Telescope Reviews: This is harder than an exoplanet transit!!!

I had the oppertunity (due to clouds!) last night to try and measure the precision of my CCD measurements. I have an "artificial star"--basically an LED flashlight with 5 different sized pin points poked through a metal faceplate typically used for collimation. I decided to try and use the "artificial star" to generate a light curve without scintillation to try and measure how repeatable my CCD's response to light is.

What a journey! First, the light is *way* too bright. I wanted to get 60s exposures similar to a typical exoplanet run for me. I didn't want to destroy the PSF of the "stars" so external filters in front of the flashlight were out--big dew problem last night! I finally wound up with cutting a couple of layers of brown paper bag to put under the faceplate behind the pinholes. That was still too bright--but very red so I put the V filter on the CCD. That allowed me to go 60s exposures without saturating any of the "stars" using my typical optical path for measureing transits...challenge 1 solved!

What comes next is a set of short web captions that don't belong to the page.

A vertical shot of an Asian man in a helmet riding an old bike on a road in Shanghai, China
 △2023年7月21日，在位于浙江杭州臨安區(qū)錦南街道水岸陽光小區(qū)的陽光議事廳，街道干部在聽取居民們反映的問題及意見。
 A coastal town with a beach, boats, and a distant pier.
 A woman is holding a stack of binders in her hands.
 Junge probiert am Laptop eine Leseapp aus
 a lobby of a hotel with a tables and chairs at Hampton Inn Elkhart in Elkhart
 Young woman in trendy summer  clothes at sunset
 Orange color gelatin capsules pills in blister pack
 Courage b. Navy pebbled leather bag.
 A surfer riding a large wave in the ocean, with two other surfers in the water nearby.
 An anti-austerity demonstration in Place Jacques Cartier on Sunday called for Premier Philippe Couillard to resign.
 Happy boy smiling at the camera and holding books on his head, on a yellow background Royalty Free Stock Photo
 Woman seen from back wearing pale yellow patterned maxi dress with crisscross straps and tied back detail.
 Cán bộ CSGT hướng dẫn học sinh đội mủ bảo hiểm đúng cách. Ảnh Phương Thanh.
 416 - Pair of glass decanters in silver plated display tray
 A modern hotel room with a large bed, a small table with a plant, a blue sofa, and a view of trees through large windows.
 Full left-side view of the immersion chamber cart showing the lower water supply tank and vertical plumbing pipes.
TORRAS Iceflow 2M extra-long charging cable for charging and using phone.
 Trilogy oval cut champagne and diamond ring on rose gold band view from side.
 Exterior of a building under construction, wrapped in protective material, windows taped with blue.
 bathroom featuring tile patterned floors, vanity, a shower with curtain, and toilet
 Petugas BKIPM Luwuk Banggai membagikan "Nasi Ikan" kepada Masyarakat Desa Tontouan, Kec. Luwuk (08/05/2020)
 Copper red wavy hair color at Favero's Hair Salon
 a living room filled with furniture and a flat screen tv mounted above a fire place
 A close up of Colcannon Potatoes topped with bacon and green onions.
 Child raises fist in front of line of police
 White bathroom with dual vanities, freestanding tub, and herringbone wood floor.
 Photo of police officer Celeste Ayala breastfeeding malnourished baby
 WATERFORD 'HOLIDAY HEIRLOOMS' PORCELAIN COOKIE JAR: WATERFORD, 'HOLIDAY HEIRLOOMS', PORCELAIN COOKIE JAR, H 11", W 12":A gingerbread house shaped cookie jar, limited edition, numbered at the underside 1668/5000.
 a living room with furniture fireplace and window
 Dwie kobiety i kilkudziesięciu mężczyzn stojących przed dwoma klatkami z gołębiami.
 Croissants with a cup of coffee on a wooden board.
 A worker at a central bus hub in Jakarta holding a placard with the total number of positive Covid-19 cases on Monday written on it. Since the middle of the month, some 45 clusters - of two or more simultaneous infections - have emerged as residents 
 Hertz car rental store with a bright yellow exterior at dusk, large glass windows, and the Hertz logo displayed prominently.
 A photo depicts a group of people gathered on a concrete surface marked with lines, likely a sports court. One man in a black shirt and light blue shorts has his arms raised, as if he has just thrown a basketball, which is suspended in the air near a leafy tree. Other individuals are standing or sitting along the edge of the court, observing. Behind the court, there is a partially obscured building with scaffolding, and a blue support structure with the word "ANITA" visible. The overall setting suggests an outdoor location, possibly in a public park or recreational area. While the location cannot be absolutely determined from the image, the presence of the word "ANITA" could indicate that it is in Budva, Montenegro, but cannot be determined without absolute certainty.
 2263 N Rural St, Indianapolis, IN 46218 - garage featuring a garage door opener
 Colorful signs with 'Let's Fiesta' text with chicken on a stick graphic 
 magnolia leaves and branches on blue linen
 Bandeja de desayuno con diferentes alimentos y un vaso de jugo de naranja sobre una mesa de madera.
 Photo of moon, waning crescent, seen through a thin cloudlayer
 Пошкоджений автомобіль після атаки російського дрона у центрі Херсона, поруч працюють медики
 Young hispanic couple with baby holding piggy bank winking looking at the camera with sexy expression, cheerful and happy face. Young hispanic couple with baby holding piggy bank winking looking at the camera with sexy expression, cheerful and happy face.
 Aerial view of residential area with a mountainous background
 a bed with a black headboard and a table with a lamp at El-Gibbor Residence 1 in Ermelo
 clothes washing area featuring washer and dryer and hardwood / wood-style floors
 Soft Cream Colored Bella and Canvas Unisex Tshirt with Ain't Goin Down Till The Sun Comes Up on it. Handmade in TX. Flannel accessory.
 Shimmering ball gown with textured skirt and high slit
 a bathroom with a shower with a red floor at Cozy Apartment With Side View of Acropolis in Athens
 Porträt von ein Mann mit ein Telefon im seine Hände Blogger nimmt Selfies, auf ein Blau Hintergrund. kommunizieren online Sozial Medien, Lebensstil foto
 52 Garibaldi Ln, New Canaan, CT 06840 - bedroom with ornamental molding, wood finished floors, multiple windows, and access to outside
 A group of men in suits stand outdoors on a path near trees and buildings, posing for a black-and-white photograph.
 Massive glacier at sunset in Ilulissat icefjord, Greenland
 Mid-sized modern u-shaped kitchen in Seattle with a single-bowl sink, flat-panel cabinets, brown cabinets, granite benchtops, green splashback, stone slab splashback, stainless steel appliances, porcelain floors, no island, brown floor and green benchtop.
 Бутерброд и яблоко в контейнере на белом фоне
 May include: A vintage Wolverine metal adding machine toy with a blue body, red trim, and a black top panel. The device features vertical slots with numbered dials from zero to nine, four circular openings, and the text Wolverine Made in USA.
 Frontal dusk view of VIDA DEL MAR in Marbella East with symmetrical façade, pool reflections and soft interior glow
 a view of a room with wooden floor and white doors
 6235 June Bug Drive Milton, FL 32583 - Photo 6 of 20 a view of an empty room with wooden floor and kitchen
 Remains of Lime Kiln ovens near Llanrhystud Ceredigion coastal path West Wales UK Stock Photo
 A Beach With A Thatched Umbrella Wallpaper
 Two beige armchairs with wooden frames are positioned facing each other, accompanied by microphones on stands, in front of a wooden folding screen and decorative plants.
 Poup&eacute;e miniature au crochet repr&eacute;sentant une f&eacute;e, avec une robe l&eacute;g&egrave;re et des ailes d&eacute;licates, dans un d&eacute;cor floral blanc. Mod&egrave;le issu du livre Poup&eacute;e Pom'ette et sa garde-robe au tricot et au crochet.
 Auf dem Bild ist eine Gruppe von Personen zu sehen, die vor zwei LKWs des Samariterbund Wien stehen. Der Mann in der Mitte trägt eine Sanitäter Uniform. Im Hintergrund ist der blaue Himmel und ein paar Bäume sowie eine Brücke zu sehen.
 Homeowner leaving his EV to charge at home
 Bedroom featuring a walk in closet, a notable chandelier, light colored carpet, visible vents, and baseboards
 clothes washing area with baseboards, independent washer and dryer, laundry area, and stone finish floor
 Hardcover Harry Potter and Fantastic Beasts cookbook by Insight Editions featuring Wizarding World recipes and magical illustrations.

Challenge 2: Fixing the light leaks around the faceplate! There's a little seam around the faceplate that leaked light that streaked across the faceplate obscuring the stars. I tried several rounds of trying to tape up the seams. It was getting rediculous, every new layer of tape blocked some light, but there was always enough leaking through to confuse the tracking of the stars for aperture placement--especially since the tape kept popping lose over time! Finally I remembered one of the kids posters was on the wall with that putty stuff. I took a piece of putty and rolled it out and tried to jamb it into the gaps all the way around the seam. That helped a lot! A sample image--stretch to breaking--is below. The white ring around everything is my postcard dewshield.

Then I left the CCD acquiring all night as I would when measureing a transit. The "star" was only about 80 feet away...on to challenge 3!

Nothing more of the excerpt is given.